Sibanye-Stillwater cuts gold reserves as Kloof curtailed

Kloof Gold Mine

SIBANYE-Stillwater’s gold mineral reserves fell 6.3% to 9.4 million ounces at end-December owing to a significant writedown at its Kloof mine in Johannesburg.

The Johannesburg-listed miner said production constraints at Kloof, including geotechnical considerations that forced the removal of isolated blocks of ground, had impaired the economic viability of the operation, resulting in a 1.4 million oz reduction in mineral reserves.

The writedown came despite Sibanye-Stillwater raising its gold reserve price assumption to $2,650 per ounce for 2025 from $2,421/oz in 2024, a move that would ordinarily support reserve additions rather than cuts.

Across the broader South African gold portfolio, which includes DRDGOLD and development projects such as Burnstone in Mpumalanga province, mineral resources dropped sharply, falling 25.5% to 36.4 million oz.

The group’s PGM operations provided a partial offset. South African 4E PGM mineral reserves rose 4.7% to 29.4 million oz, with the Marikana E4 mechanised UG2 project contributing a 2.9 million oz addition following completion of a feasibility study.

Sibanye-Stillwater lifted its platinum reserve price assumption to $1,350/oz from $1,250/oz in 2024, while the palladium assumption rose to $1,350/oz from $1,150/oz. US PGM mineral reserves edged 2.1% higher to 19.4 million oz.

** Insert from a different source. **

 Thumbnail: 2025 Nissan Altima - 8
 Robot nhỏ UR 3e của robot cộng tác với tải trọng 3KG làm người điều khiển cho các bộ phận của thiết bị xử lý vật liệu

Sibanye-Stillwater also declared a maiden uranium mineral reserve of 25.2 million pounds of uranium oxide at its South African gold operations, underpinned by a completed feasibility study at the Cooke tailings storage facility. The uranium reserve price assumption was set at $100 per pound, up from $90/lb in 2024.

At the Century zinc operation in Australia, reserves fell 44.2% to 308,000 tons, with the tailings mineral reserve carrying approximately 18 months of remaining life.